West Virginia is schizophrenic when it comes to the federal Environmental Protection Agency (EPA).
On one hand, many West Virginians view the federal agency as an intrusive job killer for excessively regulating the coal industry in the state. Nonetheless, immediately following a serious coal mining disaster (as is wont to happen in West Virginia), attitudes towards the EPA inevitably undergo change. They range from "where the heck were you" to "let's get together and try and prevent a repeat performance."
Unfortunately, it doesn't take long before the deeply entrenched antagonism towards the federal agency returns, spurred by industry's shrill accusations that President Obama's EPA regulators are "waging a war on coal."
It is true that coal jobs provide relatively good salaries and benefits for West Virginians. But the industry's stranglehold on the state and its politicians defies logic.
In addition to major mining disasters, the coal industry has been polluting the picturesque state's waterways and scarring its landscape for nearly a century, with significant adverse public health and ecological ramifications. The economic importance the state attributes to coal is inflated, considering the industry employs less than four percent of West Virginia's work force. Walmart is the largest private employer in the state and there is a significant biotech and public sector presence.
How beneficial, then, is the existence of good coal jobs for the relatively few to West Virginia's overall welfare these many years? In recent federal rankings of the states, West Virginia ends up 46th or 49th in poverty, depending on which set of calculations you use. It is next to last in median household income, seventh worst in life expectancy and fifth worst in general public health.
As for President Obama's supposed "war on coal," the Mining Safety and Health Administration reports there were 15 percent more coal jobs in the state in 2013 than during the term of George W. Bush. Still, the industry is losing ground, although most economists agree it is not due to regulation. Rather, the cause is competition from cheap, abundant natural gas and a surge in more job-intensive renewable energy utilization.
Many West Virginians clearly remain conflicted. A recent Sierra Club poll found that an overwhelming majority supported strong environmental regulations and believed that state regulators were lax in policing pollution. Four environmental groups even petitioned (unsuccessfully) the EPA to take over for state regulators, who cannot proceed without the oft compromised state legislature's approval. Consequently, the regulators tend to strike sweetheart deals with the coal industry after it has been caught in the act.

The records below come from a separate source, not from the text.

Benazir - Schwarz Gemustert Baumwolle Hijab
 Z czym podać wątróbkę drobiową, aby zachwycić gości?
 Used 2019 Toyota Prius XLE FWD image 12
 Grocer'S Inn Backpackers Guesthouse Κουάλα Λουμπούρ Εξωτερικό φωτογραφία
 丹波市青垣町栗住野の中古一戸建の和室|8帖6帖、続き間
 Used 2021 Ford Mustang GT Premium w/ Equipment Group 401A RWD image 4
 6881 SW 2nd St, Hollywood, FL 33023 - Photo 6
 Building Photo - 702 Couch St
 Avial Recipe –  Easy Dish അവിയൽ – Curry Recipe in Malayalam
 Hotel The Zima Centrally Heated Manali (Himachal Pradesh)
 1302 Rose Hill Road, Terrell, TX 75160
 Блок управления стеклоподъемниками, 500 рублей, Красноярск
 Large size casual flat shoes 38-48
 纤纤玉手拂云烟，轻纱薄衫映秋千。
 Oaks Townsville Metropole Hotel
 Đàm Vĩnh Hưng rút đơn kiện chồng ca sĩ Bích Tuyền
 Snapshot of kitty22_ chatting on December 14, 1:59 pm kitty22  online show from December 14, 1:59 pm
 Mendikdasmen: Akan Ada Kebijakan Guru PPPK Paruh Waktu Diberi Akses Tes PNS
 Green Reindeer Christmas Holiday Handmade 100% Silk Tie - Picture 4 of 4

Conflicted public or not, the state's politicians from both parties have consistently and confidently sided with coal. It remains to be seen whether it is because they have been bought by industry campaign contributions or ultimately mesmerized by the state's century old cultural dependency on coal, just like so many of their constituents.
In any event, the Pavlovian reflex in defense of the industry persists, come what may. West Virginia's democratic governor was an apologist for the coal industry the very day after the January coal-related spill that contaminated the drinking water for 300,000 Charleston residents. And on the same day of that spill, House Republicans, with the support of the bipartisan West Virginia congressional delegation, voted to weaken the EPA's authority to regulate coal-powered emissions.
Democratic West Virginia U.S. Senator Jay Rockefeller speculates that this apparently inbred brainwashing vis-a-vis the coal industry could stem from the stoic nature of the many Scottish and Irish who originally settled in the state.
Maybe so, but it is high time West Virginians snapped out of their self-destructive trance and faced up to modern day reality.